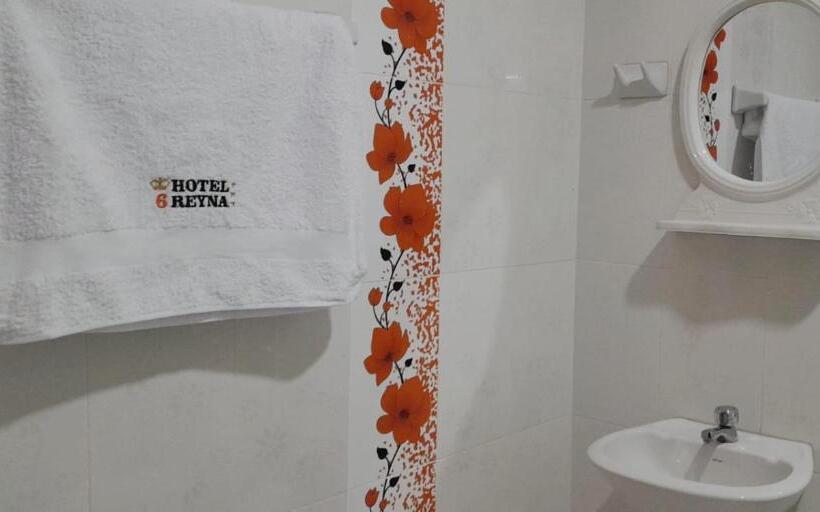 اتاق استاندارد با سرویس بهداشتی مشترک, Reyna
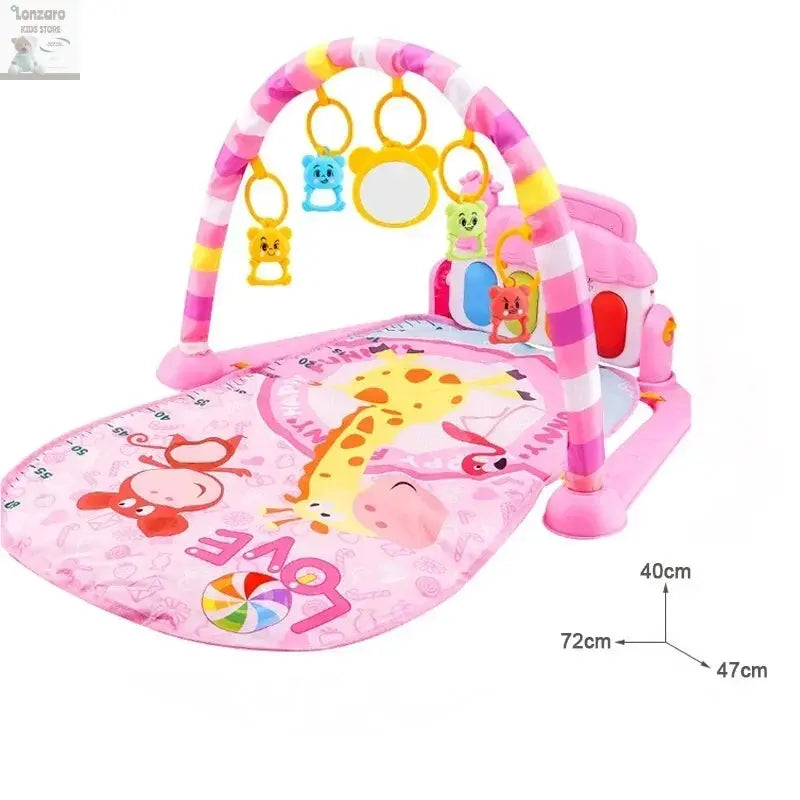 Speelmat Muziek  en Plezier - Lonzaro Kids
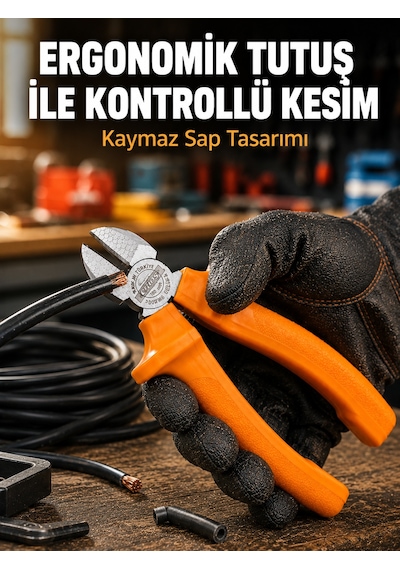 Yan Keski Dövme Çelik Güçlü Ve Hassas Kesim Performansı - Lisinya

■ Work task
Copy the material exactly. Do not include the pictures.

■ Result for this exercise
 اتاق استاندارد با سرویس بهداشتی مشترک, Reyna
 Speelmat Muziek  en Plezier - Lonzaro Kids
 Yan Keski Dövme Çelik Güçlü Ve Hassas Kesim Performansı - Lisinya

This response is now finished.